The U.S. Supreme Court, in 1974, heard Florida candidate Pat Tornillo cite local right to reply statutes when he sued Miami Herald. The statute fractured the Constitution’s ban on prior restraint, the Herald replied.
“Decisions on content, format and treatment of public issues and public officials —whether fair or unfair—constitute exercise of editorial control and judgment,” the Court ruled. “Government may not force a newspaper to print copy which, in its journalistic discretion, it chooses to leave on the newsroom’s floor,” Justice Byron White wrote.
The Puno Supreme Court hewed closely to this constitutional tradition. It spiked Justice Department and National Telecommunications Commission warnings against airing the “Hello Garci” tapes of Gloria Macapagal-Arroyo. This threat to gag constituted prior restraint. “It challenged the most exalted of all civil rights, the freedom of expression,” Puno wrote as ponente.

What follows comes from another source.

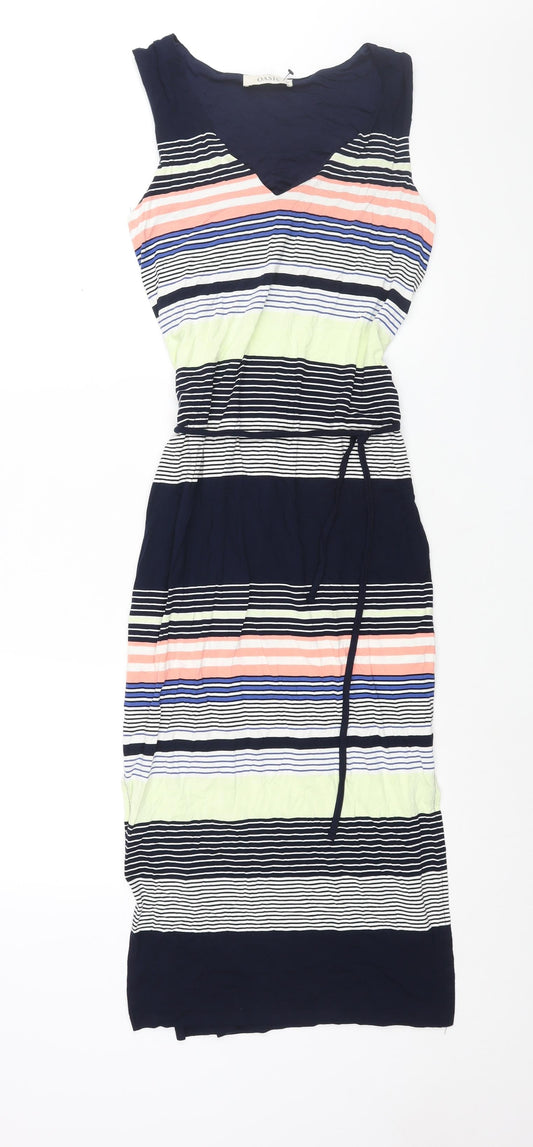 Oasis Womens Multicoloured Striped Viscose Shift Size XS V-Neck Pullover - Belted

The least Rep. Antonino can do is to excise this smuggled rider from HB 4252. Let this exhumed bill stand or fall on it’s own merits.

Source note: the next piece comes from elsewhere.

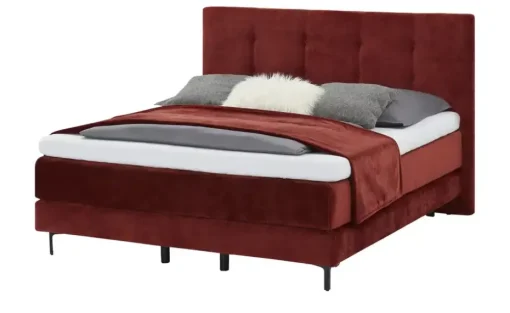 SCHÖNER WOHNEN Kollektion Boxspringbett 180x200 cm Vita | 180 cm, Karminrot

At the Inquirer’s 25th anniversary rites, P-Noy recalled that his parents battled for a free press. “A free media is indispensable, if a democracy is to function efficiently, if it is to be real,” he quoted Ninoy. “The people, who are sovereign, must be adequately informed all the time.”
Fine. But for P-Noy to spurn his parents’ sterling legacy by waffling—What is the polite word again? “Bovine ordure”?